(DATA TO USE)
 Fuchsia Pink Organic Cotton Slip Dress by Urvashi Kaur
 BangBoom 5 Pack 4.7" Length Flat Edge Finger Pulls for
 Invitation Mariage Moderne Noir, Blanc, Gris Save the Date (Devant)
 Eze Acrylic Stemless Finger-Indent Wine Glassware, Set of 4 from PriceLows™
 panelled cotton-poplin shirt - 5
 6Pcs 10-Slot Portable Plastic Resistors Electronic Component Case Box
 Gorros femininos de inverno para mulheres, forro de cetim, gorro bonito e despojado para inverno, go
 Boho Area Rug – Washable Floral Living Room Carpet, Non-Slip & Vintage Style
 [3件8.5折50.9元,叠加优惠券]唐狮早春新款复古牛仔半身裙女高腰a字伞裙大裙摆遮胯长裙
(End DATA TO USE)
**WHAT IS BEING ASKED**:
Give the data again, exactly as written.

**REPLY TO THE EXERCISE**:
 Fuchsia Pink Organic Cotton Slip Dress by Urvashi Kaur
 BangBoom 5 Pack 4.7" Length Flat Edge Finger Pulls for
 Invitation Mariage Moderne Noir, Blanc, Gris Save the Date (Devant)
 Eze Acrylic Stemless Finger-Indent Wine Glassware, Set of 4 from PriceLows™
 panelled cotton-poplin shirt - 5
 6Pcs 10-Slot Portable Plastic Resistors Electronic Component Case Box
 Gorros femininos de inverno para mulheres, forro de cetim, gorro bonito e despojado para inverno, go
 Boho Area Rug – Washable Floral Living Room Carpet, Non-Slip & Vintage Style
 [3件8.5折50.9元,叠加优惠券]唐狮早春新款复古牛仔半身裙女高腰a字伞裙大裙摆遮胯长裙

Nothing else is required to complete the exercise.